Un caso di coscienza sul filo del rasoio che Hitchcock fa esplodere in tutta la sua drammaticità, conducendo per mano lo spettatore verso l’insopportabile condizione di chi conosce il colpevole e la sua confessione ma, in base ai voti fatti, non può rivelarlo (reticenza, tra l’altro, non perfettamente compresa dalla maggioranza non cattolica del pubblico). Il suo unico alibi, poi, è una donna, la cui reputazione finirebbe rovinata. La crisi dovuta all’impossibilità di denunciare il vero colpevole, sottolineata dall’imponenza visiva delle chiese, si sovrappone a quella umana, dovuta alla scelta di una vita sacerdotale fatta senza troppa convinzione dopo una delusione amorosa. Non potendo tradire un sentimento, né un sacramento, padre Logan soggiace ai dogmi di un’istituzione che ama, al peso e al tormento di un segreto che lo dilania e ne dilania la coscienza, ritrovandosi ad affrontare – in questa simbolica Via Crucis – anche l’opinione pubblica, ottusa e bestiale come solo il regista sa renderla.

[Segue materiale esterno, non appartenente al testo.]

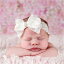 28スタイル女の 赤ちゃん レースフラワー ヘッド バンド弾性 ヘア アクセサリ ちょう固体色 帽子 新生児 カチューシャ写真の小道具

La trovata è quella tipica di Hitchcock, rivoluzionaria: Nos Deux Consciences, opera teatrale di Paul Anthelme ossia Raymond Borg, letterato di fine Ottocento, lo aveva ossessionato sin da quando la vide in scena a Londra per la prima volta negli anni ’30. Ciò che ovviamente lo aveva intrigato era la situazione di fondo e ne provò tutte le possibili varianti nelle diverse versioni della sceneggiatura. In un primo momento, decise che il presbitero avrebbe avuto un più diretto legame con l’omicidio, commesso per eliminare un ricattatore a conoscenza di una sua relazione con la moglie di un influente politico, e che, prima di prendere i voti, il prelato aveva avuto un figlio illegittimo. Come emerge dalla corrispondenza tra Joseph Breen, ai vertici della produzione, il censore capo e Hithcock, lo stesso Breen aveva ricevuto la medesima educazione gesuita ed era molto sensibile a quello sguardo rivelatore del protagonista, che tradisce il segreto confessionale e il conflitto interiore, spirituale e morale tra giustizia e verità. Davanti al rifiuto della censura, il regista dovette da subito rinunciare all’idea del figlio illegittimo e della tragica morte di padre Logan. Ma resta l’impianto architettonico con cui il regista ama scavare la psiche dei suoi protagonisti, lacerata dal rimorso; resta il tema ossessivo della ricerca della verità, ostacolata da ogni tipo di incidente o di costrizione; resta il modo, assolutamente unico, di far scaturire inquietitudine dallo schermo.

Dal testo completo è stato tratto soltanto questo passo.